Sunday, November 4, 2012

Various - Musique Persane (Ocora - OCR 57)

Persian music or in today's understanding, Iranian music has been the dominant musical culture in the Middle East. It is known that there was a musical culture in the Persian Empire during the Achaemenian dynasty approximately 2.500 years ago. Unfortunately very little written information is available and furthermore there is no details about the style of music. However, with the Sassanian period which was 1.800 years ago, we have written records of the modal structures which made up of Persian music at that time. This structures made up of the musical system which we have been seeing in the Middle East and Anatolia until today. On the other hand, this should not be mixed with Folk music in the sense that both in Persia and in the later stages in Ottoman Empire, this music structure was mainly taken for granted by the emperor/sultan/shah and was available mainly to the palace. Therefore Folk music of these countries varied a lot from this modal structure.

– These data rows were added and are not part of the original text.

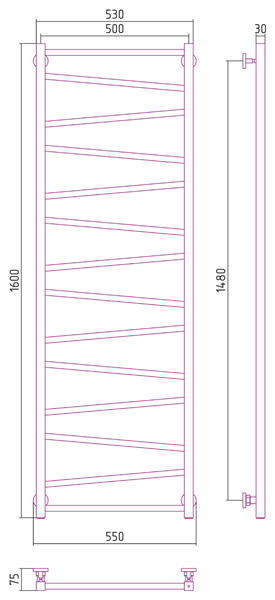 Полотенцесушитель водяной Сунержа Сирокко 1600x500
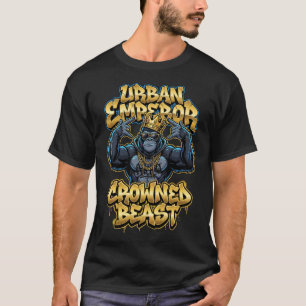 Urbaner Graffiti-Gorilla Crowned Beast Wandkunst T-Shirt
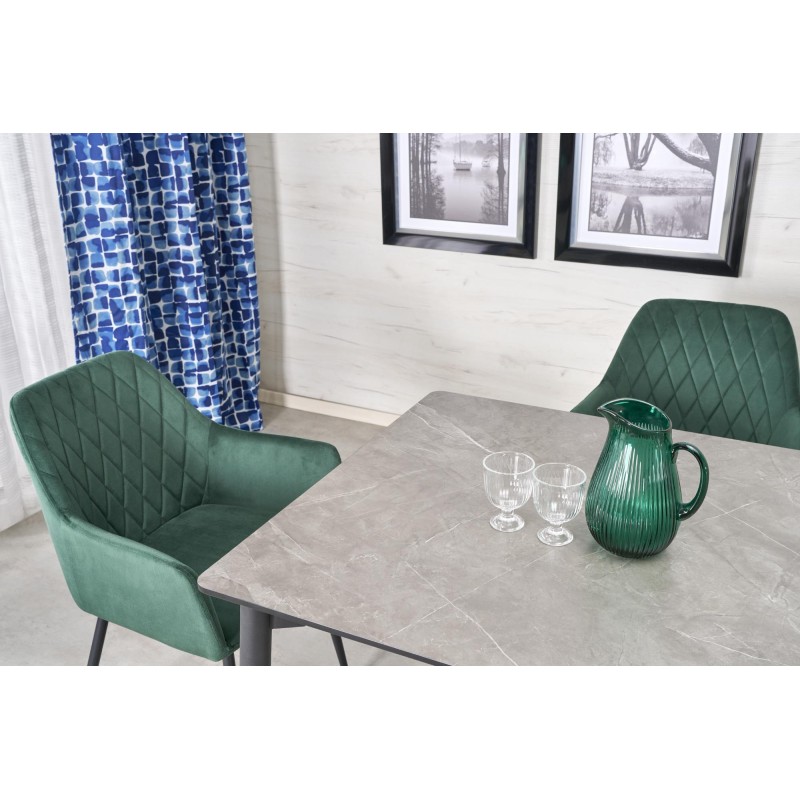 'CHARLES Extendable Table, Top - Ashen Marble, Legs - Black' 'CHARLES Extendable Table, Top - Ashen Marble, Legs - Black'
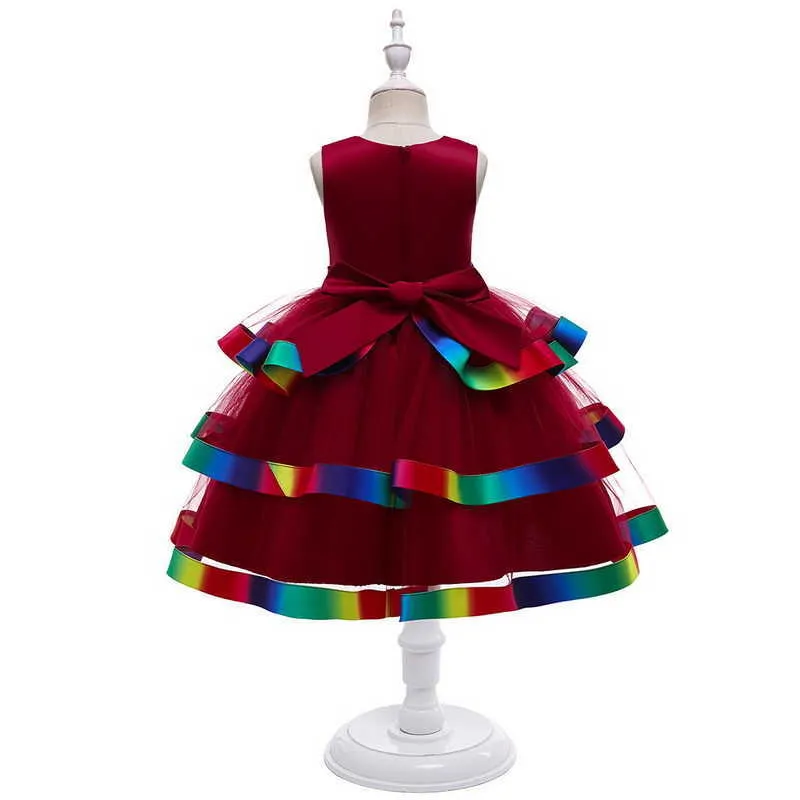 Summer Teenager Girls Dresses Sleeveless Bow Formal Rainbow Dress for Party Wedding Piano Perform Kids Clothes E5220 210610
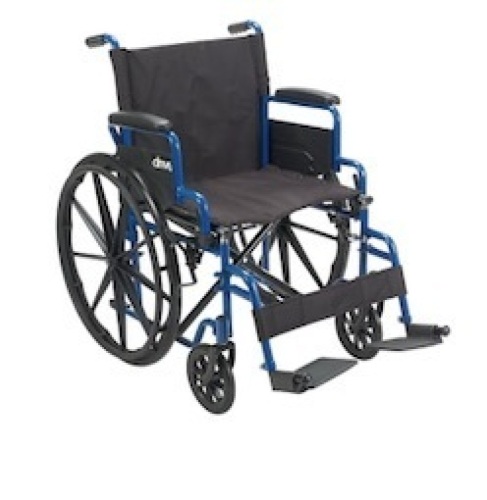 Drive Medical Blue Streak Ultra-Lightweight Wheelchair With Flip-Backs Arms & Swing-Away Footrests - Lot 70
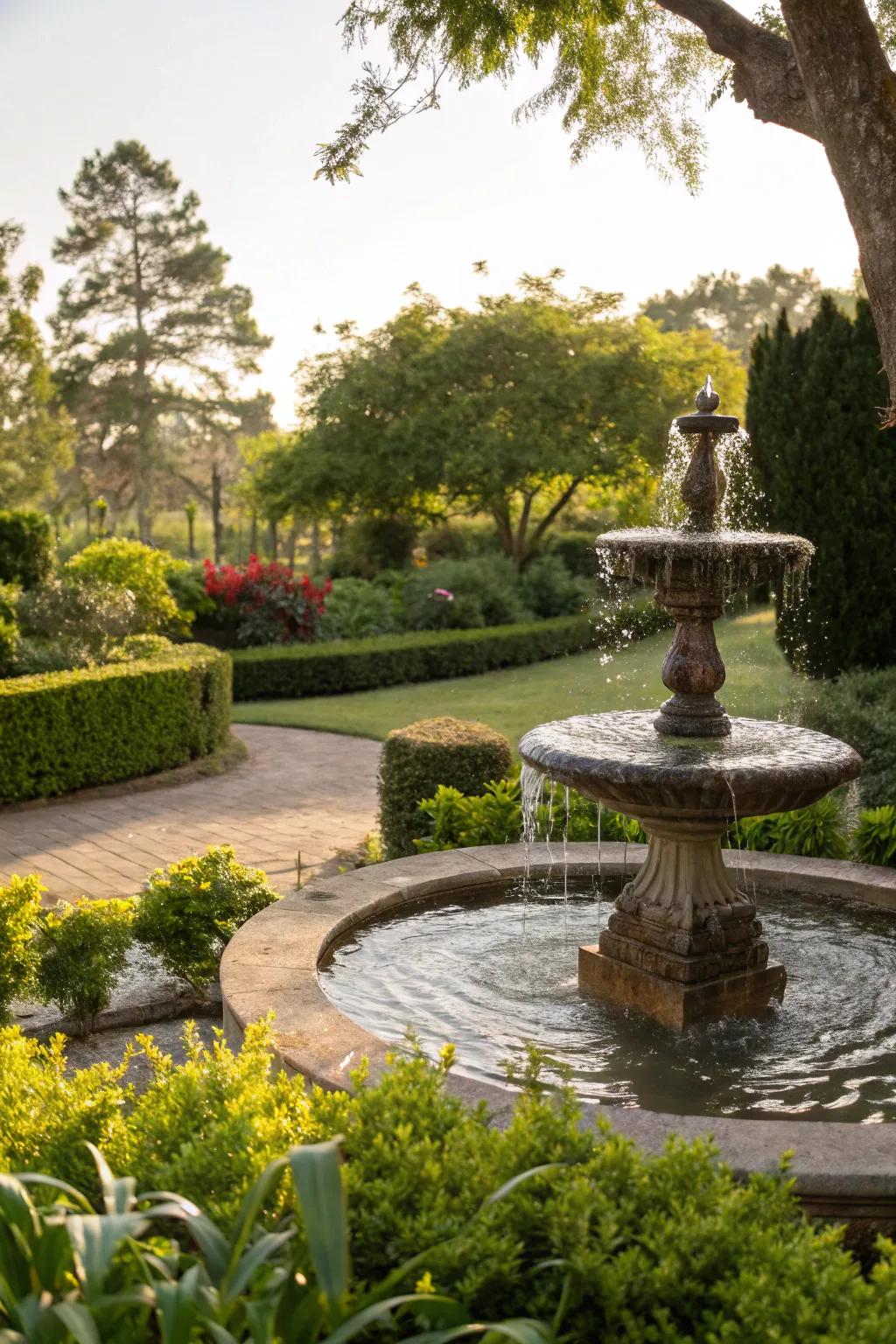 A water feature adds tranquility and natural beauty.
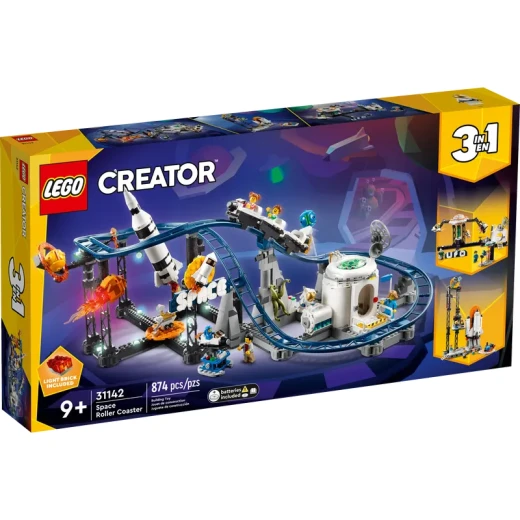 LEGO Creator 3 في 1 مجموعة بناء قطار الفضاء، تحتوي على قطار سريع، برج السقوط، دوامة، و5 شخصيات صغيرة، حديقة ترفيهية قابلة لإعادة البناء للأطفال من عمر 9 سنوات فما فوق، 31142 من ليغو LEGO Creator 3 في 1 مجموعة بناء قطار الفضاء، تحتوي على قطار سريع، برج السقوط، دوامة، و5 شخصيات صغيرة، حديقة ترفيهية قابلة لإعادة البناء للأطفال من عمر 9 سنوات فما فوق، 31142 من ليغو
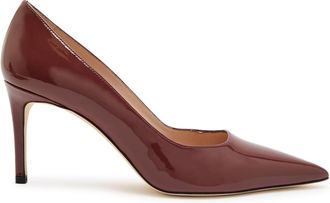 Stuart Weitzman Stuart Weitzman Stuart Power 75 Patent Leather Pumps - Brown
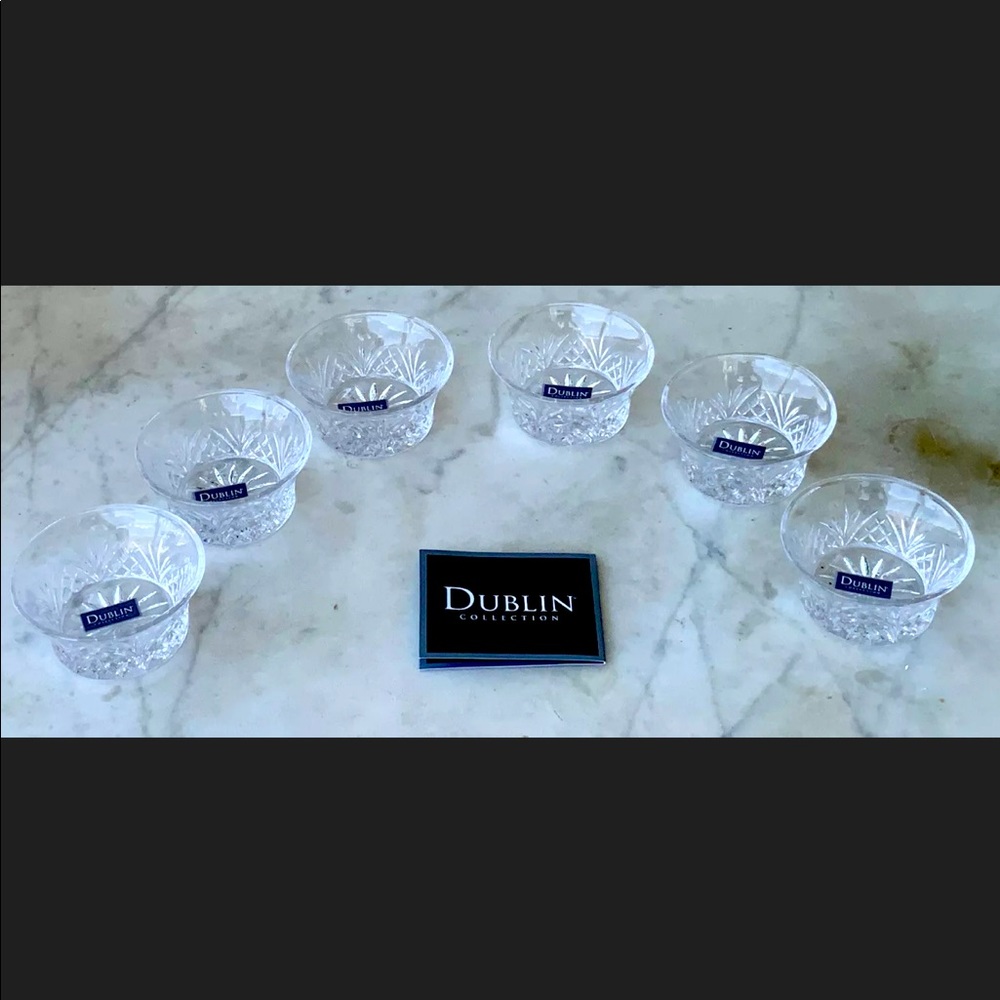GODINGER DUBLIN CRYSTAL NUTTER PREP BOWLS SET OF 6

These modal structures have developed over time, starting as seven in the Sassanian period to twelve in the 16th century with many many derivative modes and pieces. Within each song, there are 5-6 pieces generally which make up the entrance and the end, second entrance, ending with two pieces in the middle making up the general structure.

In terms of modals, the growth was vertically rather than horizontally, but the interesting thing is that notation has never been the strength in this region of the world. Therefore a wide range of improvisational options were left out to the players and singers. This has emphasized the importance of the artist much more. Modern theoreticians have tried quite hard to put these modals into notations with exact timing to be calculated. However, in practice they heartbrakingly found out that nobody much cared. In this sense there is a similarity with the ancient Folk music in Europe as well. We don't have to be able to write down everything in exact science. Somethings are better left vague to make it more interesting and artistic.

Maybe as a result of this improvisation options, Iran has been a dominant figure in the development of contemporary music in the 20th century. Before the revolution, Iranian music scene was flourishing with experimental artists and with Chinese artists, these composers take the leading stage apart from Us and Europe.

The record provides two Dastgah modals, Mahur and Segah. These are also present in the Turkish Classical music which in turn is actually not classical but rather palace music. The instruments are also similar. Tar, Ud, Kamanche, Santur, Nay and Tombak are present in the recording. Kamanche is native to the NorthEast Anatolia region which did appear in the folk songs, but not within the palace repertoire while Santur was never ever quite present in Turkey. Instead Kanun was apparent in the Turkish music. There is also a need to note that Turkish music got some of it's derived modals by reshaping Egyptian music into Persian music. This vast combination option increased the number of modals significantly and superficially.

The pieces are very very limited in terms of giving an idea about Persian music. The material is quite vast and even covering the 12 modals are not enough due to numerous derivatives. I don't know the exact number in Persian music, but in Turkish music, the total number of modals + derivatives reached upto over 500 with probably 50 or so remaining in use today. On the other hand, the music is totally different from the modern notation music we are used to. Even abstract music is quite simple compared to this musical culture since rhythm is a complex phenomenon and varies even during pieces of a modal. Apart from all the complexity of the system, the music is absolutely refreshing and different from the music of other regions. It is certainly a feat to delve into.